- [Collected data]:
****************

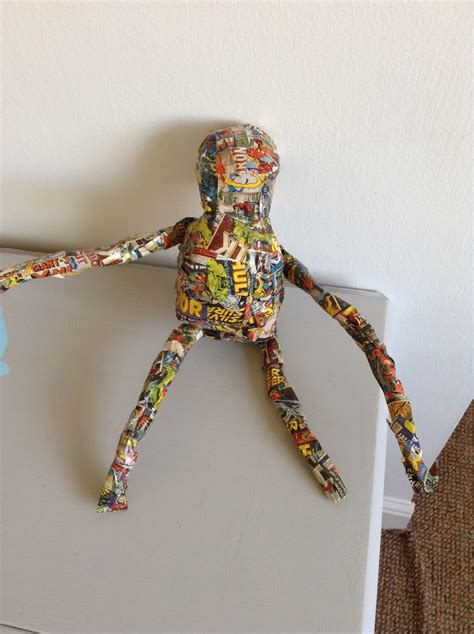 DIY Quick Craft 的图像结果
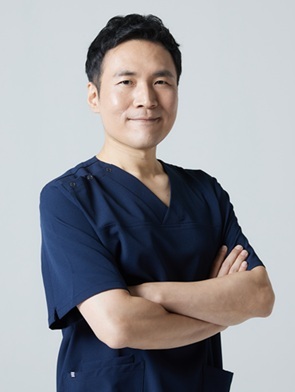 클리어서울안과 임태형 원장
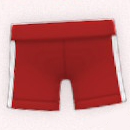 Labelle Shorts Image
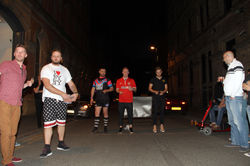 VMFC at Its a Knockout 2015  (14).jpg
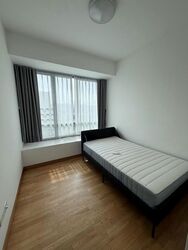 Park Infinia At Wee Nam (D11), Condominium #617640371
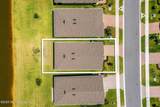 1463 Great Belt Circle - Photo 39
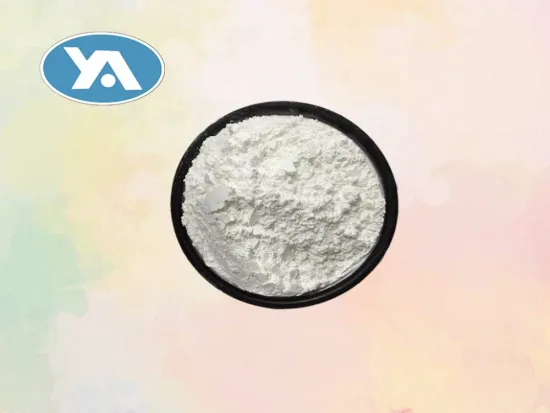 Good Price Anatase Titanium Dioxide for Rubber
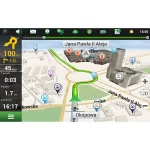 Установка / обновление карты навигатор NAVITEL / iGO TRUCK TIR 2024 - 4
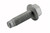Multi-Purpose Bolt | ACD11589273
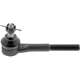 Purchase Top-Quality MEVOTECH ORIGINAL GRADE INTL. - GES409RT - Outer Tie Rod End pa12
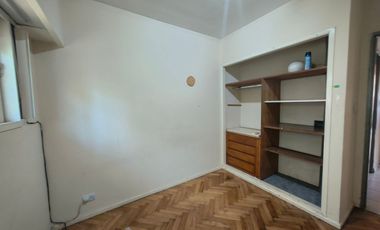 ALQUILER MARTINEZ PH 5 AMBIENTES CON COCHERA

****************

- [What this task involves]:
Return all records verbatim and drop the pictures.

- [Reply to the exercise]:
 DIY Quick Craft 的图像结果
 클리어서울안과 임태형 원장
 Labelle Shorts Image
 VMFC at Its a Knockout 2015  (14).jpg
 Park Infinia At Wee Nam (D11), Condominium #617640371
 1463 Great Belt Circle - Photo 39
 Good Price Anatase Titanium Dioxide for Rubber
 Установка / обновление карты навигатор NAVITEL / iGO TRUCK TIR 2024 - 4
Multi-Purpose Bolt | ACD11589273
 Purchase Top-Quality MEVOTECH ORIGINAL GRADE INTL. - GES409RT - Outer Tie Rod End pa12
 ALQUILER MARTINEZ PH 5 AMBIENTES CON COCHERA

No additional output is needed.